La Crisis de la separación

 

La separación constituye una crisis en la vida de las personas que conforman la familia. Es una situación que detiene y altera el curso de la existencia, y modifica los sentimientos hacia ella y hacia uno mismo. Como consecuencia, no se puede seguir viviendo de la misma forma que se hacía.

El resultado final depende de la manera como se afronte antes, durante y después del divorcio. Pero debemos recordar que la crisis siempre es sinónimo de peligro y oportunidad.
El proceso de la separación se inicia un tiempo antes de que se lleve a cabo la decisión. Este período equivale a un llamado para reconocer la forma como se ha vivido con la pareja, y una oportunidad que nos permite revisar los aspectos que no han sido resueltos. También, representa la ocasión para aclarar situaciones y sentimientos que nunca se hablaron, y para contestar preguntas con las que se ha vivido.
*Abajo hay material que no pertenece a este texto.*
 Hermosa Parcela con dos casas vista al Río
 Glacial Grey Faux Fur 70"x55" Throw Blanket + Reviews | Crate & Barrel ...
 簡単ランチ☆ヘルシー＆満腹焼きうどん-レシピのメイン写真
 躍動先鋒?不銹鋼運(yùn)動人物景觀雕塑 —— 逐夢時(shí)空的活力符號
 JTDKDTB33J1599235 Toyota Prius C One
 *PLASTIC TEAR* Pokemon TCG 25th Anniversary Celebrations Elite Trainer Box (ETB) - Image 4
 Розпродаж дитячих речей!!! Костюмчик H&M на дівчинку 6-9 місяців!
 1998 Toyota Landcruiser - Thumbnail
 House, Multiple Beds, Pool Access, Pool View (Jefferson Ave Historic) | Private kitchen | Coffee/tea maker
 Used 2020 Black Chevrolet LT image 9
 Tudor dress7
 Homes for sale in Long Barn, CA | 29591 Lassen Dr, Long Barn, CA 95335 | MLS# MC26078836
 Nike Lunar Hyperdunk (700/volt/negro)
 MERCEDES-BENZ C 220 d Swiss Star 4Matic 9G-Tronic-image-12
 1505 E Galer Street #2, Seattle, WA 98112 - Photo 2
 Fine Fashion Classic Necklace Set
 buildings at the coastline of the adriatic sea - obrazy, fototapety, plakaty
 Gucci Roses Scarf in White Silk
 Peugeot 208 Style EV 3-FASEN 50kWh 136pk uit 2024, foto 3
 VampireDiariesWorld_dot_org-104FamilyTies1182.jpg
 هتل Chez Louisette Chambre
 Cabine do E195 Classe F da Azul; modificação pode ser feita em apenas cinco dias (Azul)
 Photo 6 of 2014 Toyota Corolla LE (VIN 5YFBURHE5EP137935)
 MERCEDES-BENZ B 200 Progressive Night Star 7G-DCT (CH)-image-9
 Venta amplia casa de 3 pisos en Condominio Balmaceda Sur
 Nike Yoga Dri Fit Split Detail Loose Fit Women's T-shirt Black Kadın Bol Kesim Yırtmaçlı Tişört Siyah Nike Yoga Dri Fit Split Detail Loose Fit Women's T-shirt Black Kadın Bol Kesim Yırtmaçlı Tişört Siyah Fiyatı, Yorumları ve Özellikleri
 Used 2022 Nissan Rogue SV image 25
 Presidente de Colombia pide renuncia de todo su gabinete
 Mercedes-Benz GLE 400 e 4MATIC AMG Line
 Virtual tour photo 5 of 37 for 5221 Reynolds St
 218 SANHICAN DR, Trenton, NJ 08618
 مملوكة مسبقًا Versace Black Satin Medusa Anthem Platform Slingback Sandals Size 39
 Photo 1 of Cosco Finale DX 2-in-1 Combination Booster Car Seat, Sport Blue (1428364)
Es un pare que permite, si se desea, limpiar el armario para dar espacio a lo nuevo. Sin embargo, parece imposible olvidar el dolor y el sufrimiento de esta etapa, lo mismo que el crecimiento personal que esta puede significar.

Esta crisis se puede ver como una oportunidad de evaluación y cambio que nos ofrece la vida. Es el momento para redescubrir lo que hemos vivido y conocer las herramientas que tenemos para seguir adelante. O por el contrario, puede representar el peligro de quedar paralizado en ella, al no tomar decisiones y prolongar el deterioro de la relación y de la familia.

En la mencionada crisis se presentan dos aspectos valiosos para la persona. Esta se ve confrontada con aspectos de sí misma, de su pareja y de la vida familiar que lleva, y que en muchos casos no se han asumido quizá por ser poco gratificantes.
 

Además, se ve en la necesidad de tomar decisiones que cambian el rumbo de la vida, para lograr que esta sea más satisfactoria. Es aquí donde es posible estancarse en el impacto de la situación y perpetuarla, o moverse a través de ella y cambiarla. Entonces, se opta por mejorar la relación o por el divorcio. Ambas requieren de esfuerzo y decisión. Pero es indiscutible que las dos son el llamado para una nueva vida.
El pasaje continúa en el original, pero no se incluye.